I'm left handed..right eye dominent..I shoot right handed but carry on my left side and cross draw..I'm all mixed up


----------



## mitchell master (May 23, 2012)

yea i conceal carry my glock model 27 on my left an cross draw with my right.


----------



## NHManontheMountain (Aug 1, 2011)

*Lefty!*

I shoot left and carry left but shoot competition standing rifle righty due to eye dominance issues. My nerves are more relaxed when shooting righty but i shoot faster lefty.


----------



## willie b (Jul 11, 2011)

Another lefty; played golf RH because that was all I had, but putted LH with a "Zero" double sided putter. Shotguns no problem, & the reach-a-round bolt action worked too. I have even used a few RH holsters on the inside of the belt, but the erasable ink - ink pen was a cruel, cruel joke.


----------



## jim t (Sep 30, 2007)

willie b said:


> ink pen was a cruel, cruel joke.


AMEN brother...

Jim


----------



## wellshoot! (Jan 26, 2009)

Left eye for me, too. But EVERY practice I spend at least one mag firing right handed and right eyed, because you can't take for granted that you're gonna stay uninjured when you're in that fight for your life you've been preparing the last 40 years for...


----------



## omrbh (Aug 22, 2011)

Left, left and left! Most scissors ARE made for righties. I have a left-hand pair and there's a world of difference! Things you would never think of are geared towards right-hand people, but because we lefties are in our 'right mind' we are very adaptable:thumbup:


----------



## biminitwist (Dec 5, 2008)

"...if you shoot off a rest then a lefty can pull the trigger with the left hand and work the bolt with their right. This combo actually has the advantage of working the bolt faster than solely using the right hand."

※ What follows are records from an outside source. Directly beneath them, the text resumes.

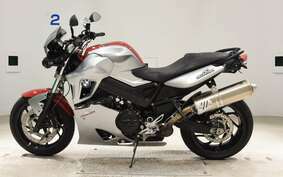 BMW F800R 2012 0217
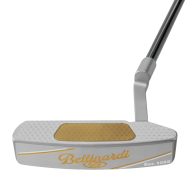 Bettinardi Rawlings Gold Glove® x Bettinardi 1-of-6 DASS BB8C, view 1 of 3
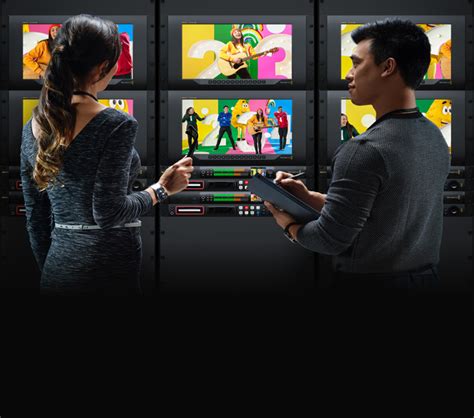 Image result for SmartView 4K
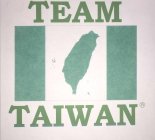 TEAM TAIWAN
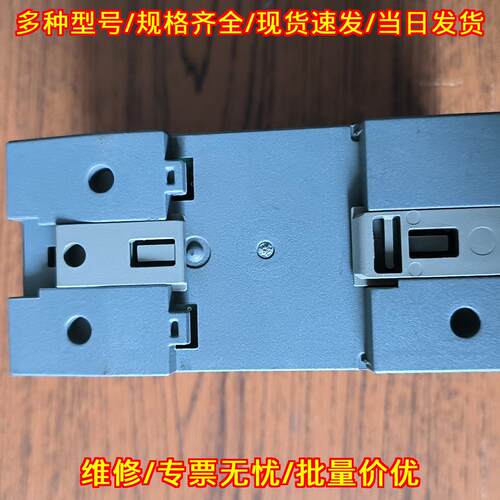 231-4HF32 PLC工控模块 自动化设备配件议价维修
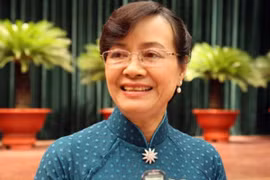 Mở rộng cửa cho người nước ngoài mua nhà: Cần tính toán kỹ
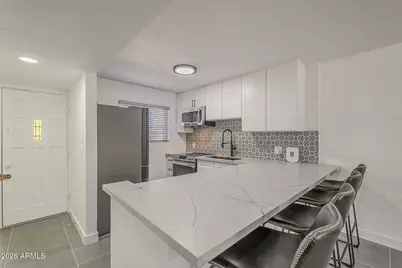 4701 N 68th Street #111, Scottsdale, AZ 85251 - Photo 2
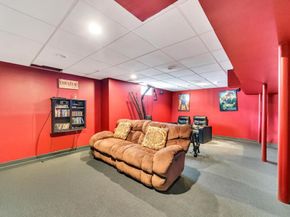 34 Gloria Place, Plainview NY 11803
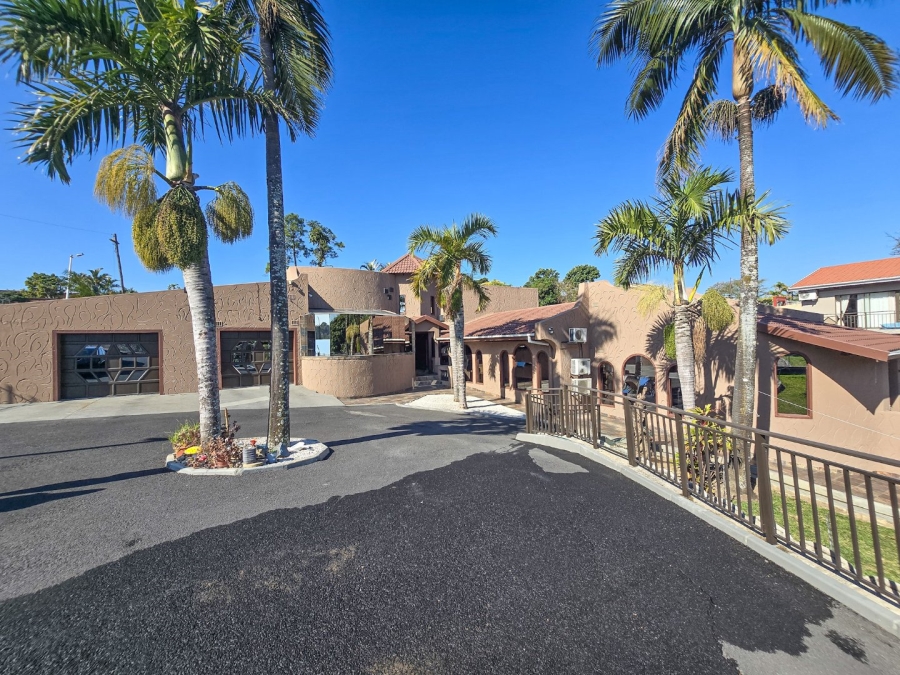 3 Bedroom Property for Sale in Grosvenor KwaZulu-Natal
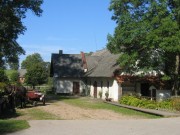 ����. 2004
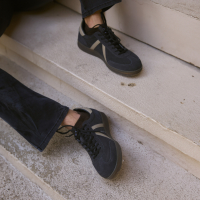 ZAPATILLAS GLASGOW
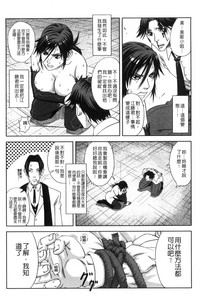 第201頁圖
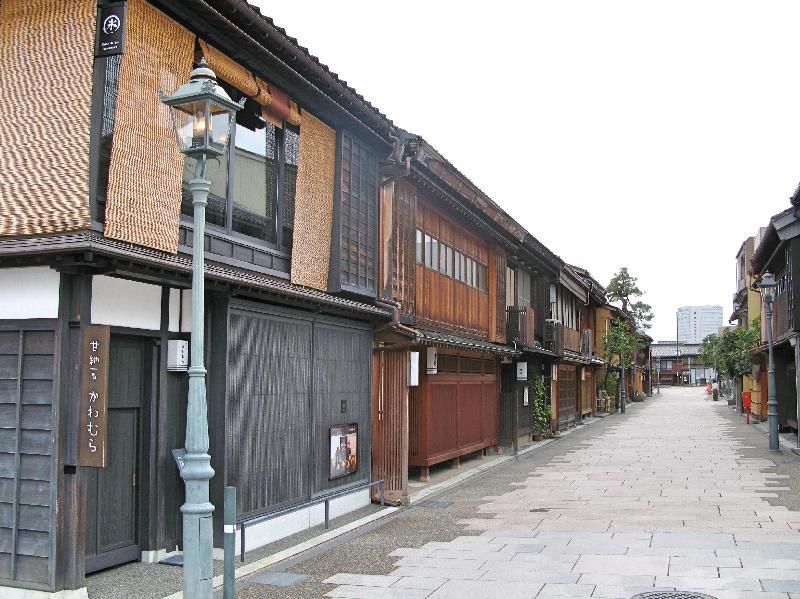 金沢_b0000209_20035367.jpg
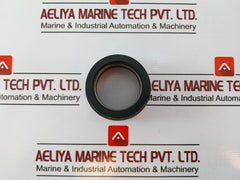 Eagleburgmann Bt Pr/ar 40 Mechanical Seal Q1bx4gg E-bt-0056 Set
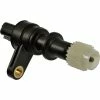 Vehicle Speed Sensor - Intermotor SC546 -Body Elegant shop PXU SISC546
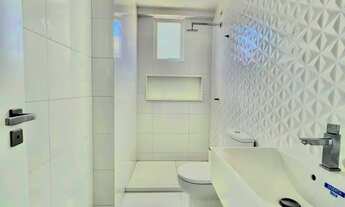 Imagem 7: Cobertura a venda no bairro de Fatima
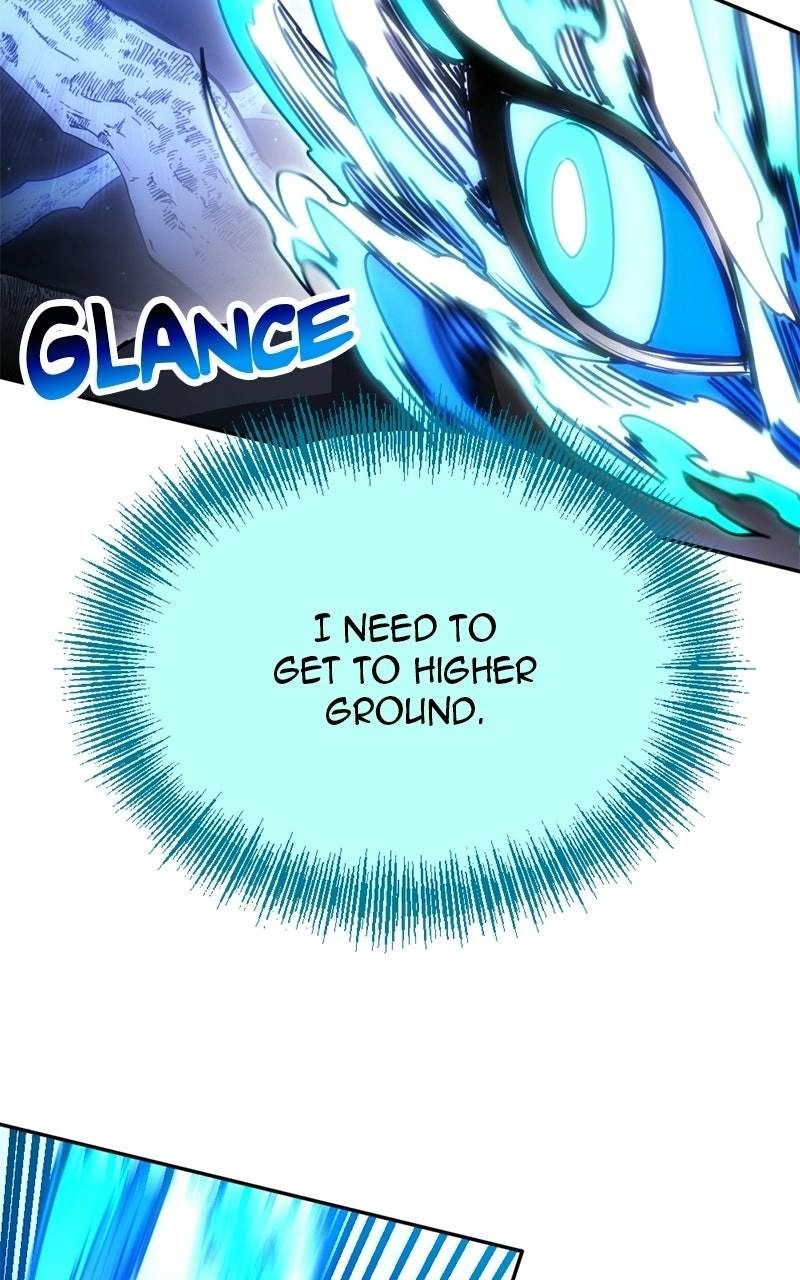 I Was Mistaken for the Villain Chapter 55 page 70 - 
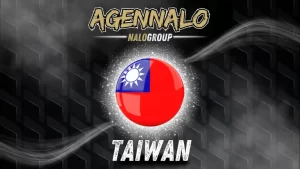 Prediksi Taiwan 13 Oktober 2025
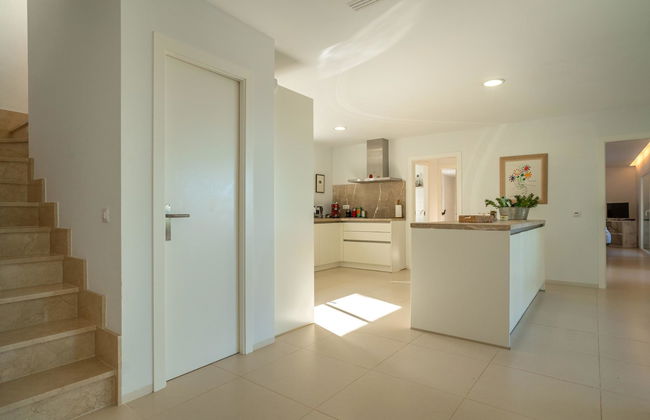 Orquidea 34 - Photo 10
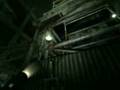 Penumbra: Black Plague HaptX Edition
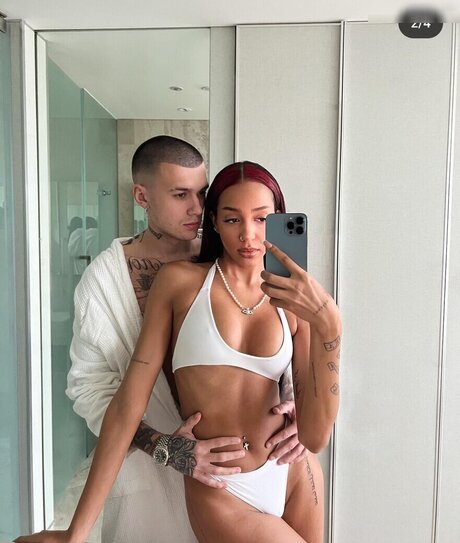 Aalishass Alishakone OnlyFans öffentliche Fotos OnlyFans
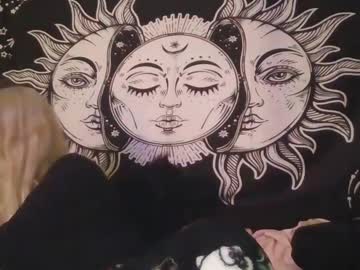 thelocalalex
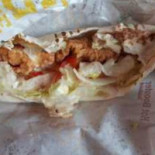Kfc Mâncare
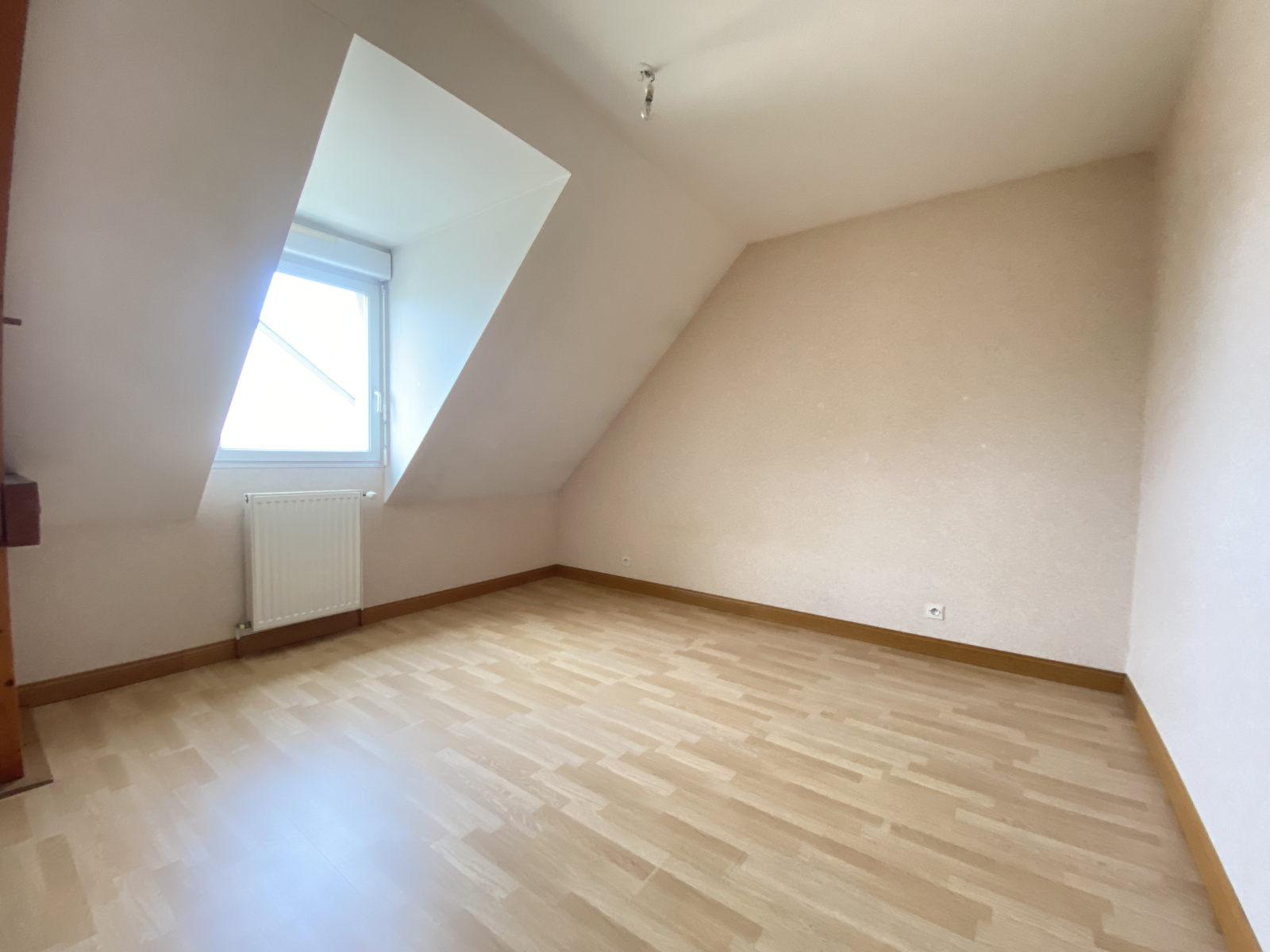 Image_9, Maison, Saumur, ref :608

That's a major safety violation on many ranges. I've seen folks pulled off the firing line for it. When I was a wee youngster and learning with a .22, I tried doing just that and got my hands (both) swatted away by the old timers standing over me. The problem is two fold: 

1. You’re operating the bolt manually (and maybe hurriedly) while the trigger finger is on or near the trigger. And the whole rifle is jiggling around.
2. Even if you're a safe and careful shooter, not everyone around you can see that your finger is NOT on or near the trigger. You LOOK dangerous, even if you’re not.

The range officer in charge of safety ops (think military here) will not gaze upon you kindly. I had old military types teaching me. Now I’m an old military retiree.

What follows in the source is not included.